Moving away and sharing a place with a friend where my brother wasn't welcome was the only way I could escape. That's when he found someone else to leach from and married that poor woman. She and I became friends, and no big shock when she started trying to get him to get a job and help support the household, all the excuses came back.
And Earl, well I've talked about him before. His answer to everything was running back to his parents and making ME look like I was crazy and not working hard enough. I was at the time handling all his medical care, working a full time six figure job, being a housewife, and staying up to date on the latest research that could help make his life easier. Him get a job? Heavens no, better to run back to Mommy and make ME look like I was the lazy good for nothing leach.

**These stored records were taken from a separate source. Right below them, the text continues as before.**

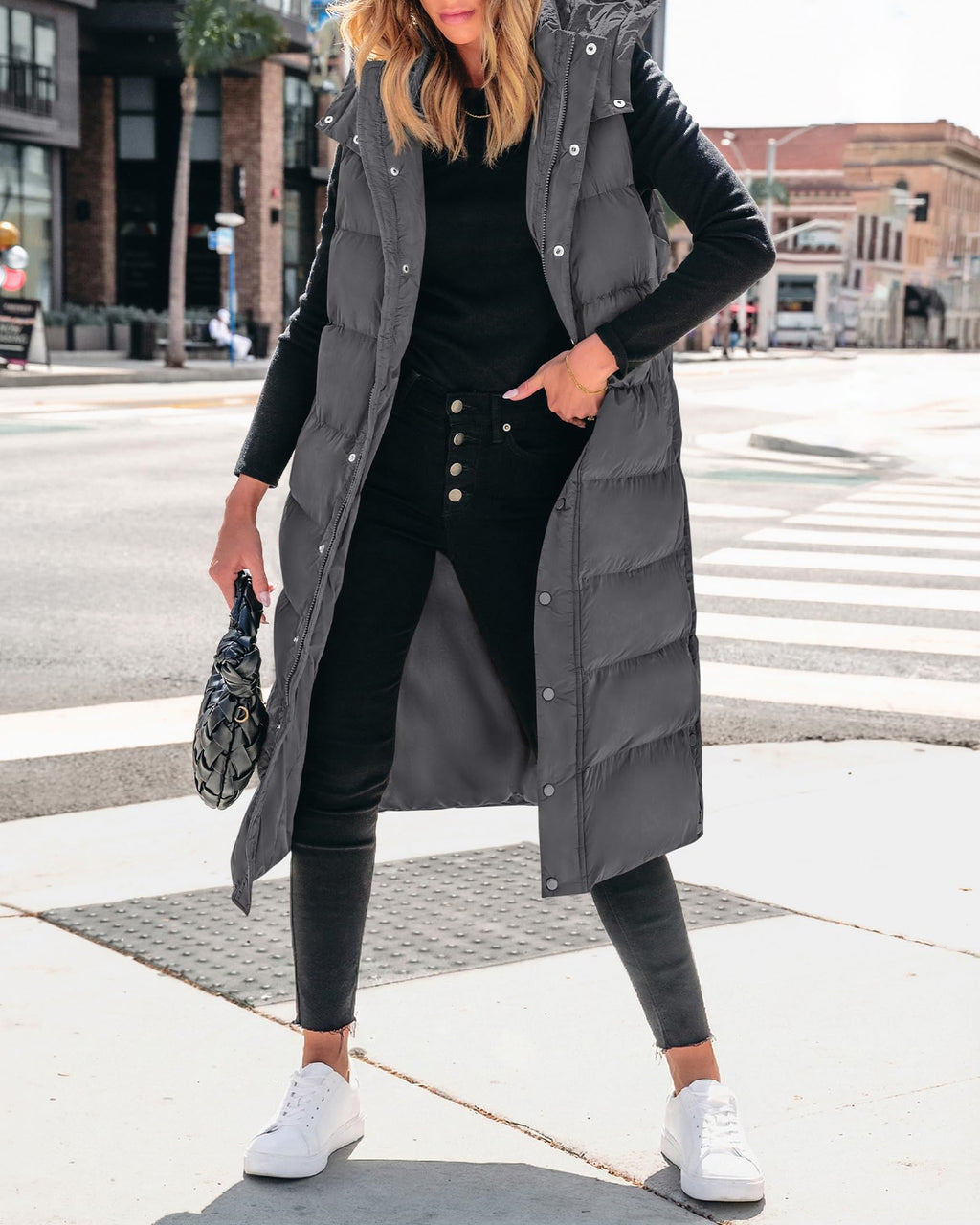 BTFBM Long Puffer Vest Women Quilted Hooded Button Down Zip Up Sleeveless Vests Outerwear Padded Jacket Fall Winter Coat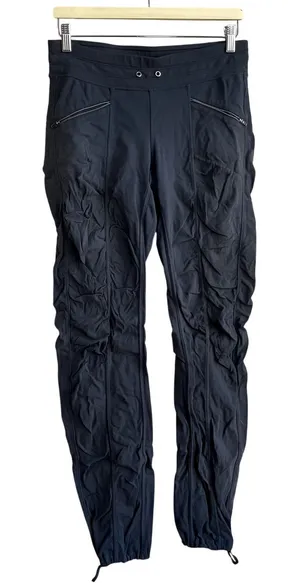 Athleta dark gray hiking pants women's XS nylon trousers pockets‎ no drawstring thumbnail 1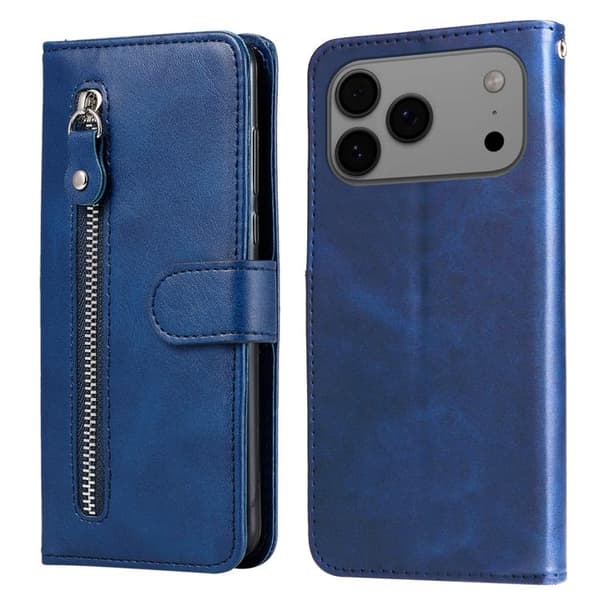iPhone 18 Pro Max / iPhone 17 Pro Max Skal läderfodral - mode med kalvskinnstextur och dragkedja Blå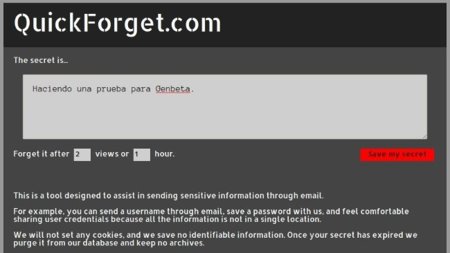 Quickforget, un servicio para crear mensajes que se autodestruyen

I don't understand people that think the world, or someone else, owes them a living. I never have, and never will. That goes equally for people who twist reality to fit their views and blame someone else for things that happen to them. I assure you that if my brother were to read this, he'd send me pages of excuses why I'm work, and claim that I was wrong, or twisting things. So I'm not even going to try and but a disclaimer in here, should someone take offense to what I've written, keep in mind I'm keeping things deliberately vague, and other than my brother, not mentioning anyone specifically.
I'm suddenly reminded of my divorce. Earl accused me of costing him friends, because people we'd know, or that he'd known, wanted nothing to do with him when they found out his true colors so to speak. He'd even insisted that some of our mutual friends choose him or me. I on the other hand refused to stoop to that level of nonsense. So the friends he forced to choose said, well She's (me) not forcing us to choose, but you are, so we'll choose her, goodbye if you're going to be that way. Yeah that went exceptionally well. NOT!